The Sound & the (Lack of) Fury of Japan
Japan is considered a peaceful, quiet country—especially by those who don't live here. From shopkeepers loudly yelling irrashaimase (loosely translated: "welcome"), to campaigners seeking office using megaphones, there are many examples of noise, much of which goes largely unnoticed by the locals. We attempt to answer the question: "Why?"
During the winter months—on crowded trains, in coffee, shops, anywhere that people gather—you'll hear people sniffling. Of course, people sniffle everywhere in the world, it's a normal human response to a common human circumstance of having a runny nose. But, the sniffling doesn't stop. Some people in Japan will continue to sniffle for more than an hour. Why do they not just blow their nose once and be done with it? Isn't everyone around those sniffling people annoyed? Isn't the person doing the sniffling themselves tired of it?
It's not just sniffling that might catch your attention. Every now and again, you'll hear the piercing squeal of worn breaks scraping against the metal wheel of someone on a bicycle slowing themselves down. This happening all the way down a gentle slope, where every second of a sound not too dissimilar from nails on a chalkboard is one second too many.
A Big Noise
And what about the guys in trucks that slowly make their way through your neighborhood, blaring a repetitive call for you to sell them your old televisions, bicycles or household furniture. They'll take anything, they say, over and over again at concert-level decibels. Why is it okay for them to be screaming their services to an entire neighborhood? Surely if English teachers went around with a megaphone yelling that they offer conversation classes, they'd be stopped by the police.
Or maybe not. Trucks going through busy areas like Shibuya or Shinjuku blast songs from the latest boy band. You'll always know when there's an election going on because of the politicians driving around yelling nothing more than their name.
And it's hard to get mad at the singing yaki imo (baked sweet potato) salesman, because yaki imo on a cold night can be nice, but still...

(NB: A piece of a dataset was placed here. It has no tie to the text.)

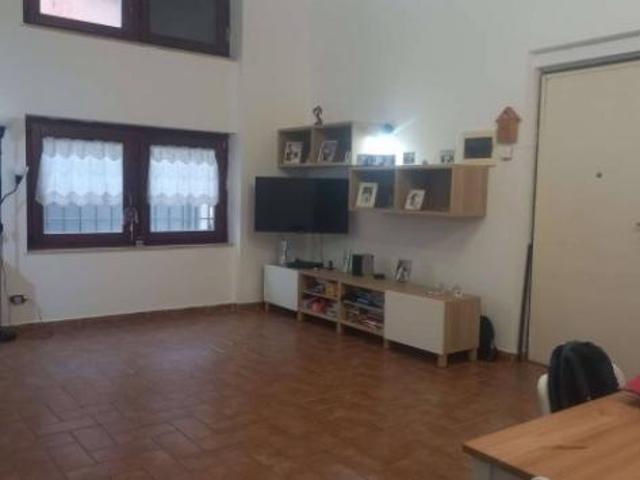 Mentana Via Arno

What's with all the noise?
It doesn't take long living in Japan, or at least Tokyo, to come to understand that the Japanese have a different relationship to noise. Sounds that seem to be clearly undesirable, like having someone making wet, snorting sounds beside you on a train for your whole commute, don't provoke any (visible) ire among the locals. Sounds that are questionable—like someone screaming at you from the street that they will take an old radio cassette player off your hands when you're relaxing on a Saturday morning—don't even get questioned.
Asking Japanese people about it, it's hard to get any sense of why they seem extra tolerant. It's like asking a fish about the water they live in. Every country has its own sense of a baseline for ambient noise, and the sounds we live with, having been there all our lives, just seem normal.
This is the most fundamental form of cultural difference: when it's not the answers that differ, but the questions. There is no "why" when examining the noises that seem clearly annoying to a lot of foreigners. There is only a choice to put up with it like the locals do.